Thursday, September 22, 2016 5:16:47 PM

Post# of 229
Cal-Maine - >>> Brittle egg prices plague Cal-Maine on Wall Street


September 22, 2016



http://finance.yahoo.com/news/brittle-egg-prices-plague-cal-173652794.html


By Noel Randewich

SAN FRANCISCO, Sept 22 (Reuters) - Wall Street will closely watch Cal-Maine Foods' quarterly report on Monday as the largest U.S. egg producer struggles with too much production and uncertainty about consumer demand for cage-free eggs.

The Jackson, Mississippi-based company has been targeted by short sellers since 2015, when avian flu ravaged U.S. flocks and producers over-reacted to losses by adding more new hens than demand warranted, causing a slump in egg prices.

Accounting for around a quarter of U.S. egg sales, Cal-Maine is expected on average to post its second straight quarterly loss and a 53 percent drop in revenue, according to Thomson Reuters data. The company does not provide revenue projections because egg prices are typically highly unpredictable.

Part of the difficulty in predicting egg prices is that when they rise, processed food makers sometimes increase their use of substitutes and do not always switch back to eggs when prices fall, said Eric Gottlieb, analyst at D.A. Davidson.

"Maybe at this very moment it's easier to use eggs, but you can't change your formulation constantly," Gottlieb said.

Going against that trend in a bid to appeal to customers craving more authentic foods, Dunkin' Brands Group in July said it was working on higher-quality egg products, which also include soybean oil and corn starch.

Shares of Cal-Maine have fallen 25 percent in the past year. Cal-Maine rose 1.3 percent on Thursday ahead of its report on Monday.

The company has continued to lose favor on Wall Street. In the last quarter, 80 institutional investors, like hedge funds and pension funds, sold their stakes in Cal-Maine, a 74 percent increase from the previous quarter, according to Morningstar. In the same period, 58 institutional investors became new owners of Cal-Maine, a 15 percent decrease.

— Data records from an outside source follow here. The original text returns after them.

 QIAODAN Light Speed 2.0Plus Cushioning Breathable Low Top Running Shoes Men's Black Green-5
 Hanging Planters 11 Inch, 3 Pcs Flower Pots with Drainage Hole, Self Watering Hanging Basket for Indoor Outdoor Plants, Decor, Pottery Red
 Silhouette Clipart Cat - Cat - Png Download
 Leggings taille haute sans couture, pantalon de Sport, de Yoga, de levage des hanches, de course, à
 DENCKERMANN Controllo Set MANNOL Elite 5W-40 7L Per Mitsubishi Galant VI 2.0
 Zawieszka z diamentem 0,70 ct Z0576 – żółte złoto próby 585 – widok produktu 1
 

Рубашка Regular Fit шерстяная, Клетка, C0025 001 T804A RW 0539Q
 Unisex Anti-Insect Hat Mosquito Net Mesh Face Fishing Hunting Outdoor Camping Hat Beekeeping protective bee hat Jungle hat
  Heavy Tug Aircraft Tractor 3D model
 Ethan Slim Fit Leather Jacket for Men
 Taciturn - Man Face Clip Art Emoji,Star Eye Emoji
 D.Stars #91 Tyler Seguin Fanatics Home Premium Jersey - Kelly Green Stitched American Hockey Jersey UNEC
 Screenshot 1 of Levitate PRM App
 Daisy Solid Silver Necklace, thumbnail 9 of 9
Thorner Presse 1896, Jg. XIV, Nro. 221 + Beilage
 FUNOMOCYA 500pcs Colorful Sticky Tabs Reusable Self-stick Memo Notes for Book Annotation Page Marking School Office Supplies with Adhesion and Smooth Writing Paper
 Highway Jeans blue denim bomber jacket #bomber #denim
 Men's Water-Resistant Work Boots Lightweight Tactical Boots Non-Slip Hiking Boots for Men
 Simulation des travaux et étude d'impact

Short interest peaked at $900 million in February, and has since fallen to $584 million, equivalent to a quarter of Cal-Maine's market capitalization, according to S3 Partners, a financial analytics firm.

Complicating matters in the egg industry is growing demand from consumers and animal welfare groups that hens be allowed to live outside of cramped cages and given free run in barns, a change meant to reduce the animals' suffering but which increases costs.

Companies including Wal-Mart Stores, Target, McDonald's, General Mills Inc and Kellogg Co have committed to stop using eggs laid by caged hens within the next several years. But with cage-free eggs up to twice as expensive as normal eggs in supermarkets, it remains unclear how quickly consumers will make the shift.

Specialty eggs, a category including cage free, accounted for 23 percent of Cal-Maine's sales volume in the May quarter, up from 21 percent a year before. But the company also warned that low prices for regular eggs were pressuring demand for its specialty eggs.

Cal-Maine and its smaller rivals are adding cage-free hens at a pace outstripping demand for their eggs, according to CJS Securities analyst Craig Bibb.

"If you're standing in the grocery store, and the cage-free eggs are $2 and the regular eggs are 79 cents, most people are taking 79 cents," Bibb said.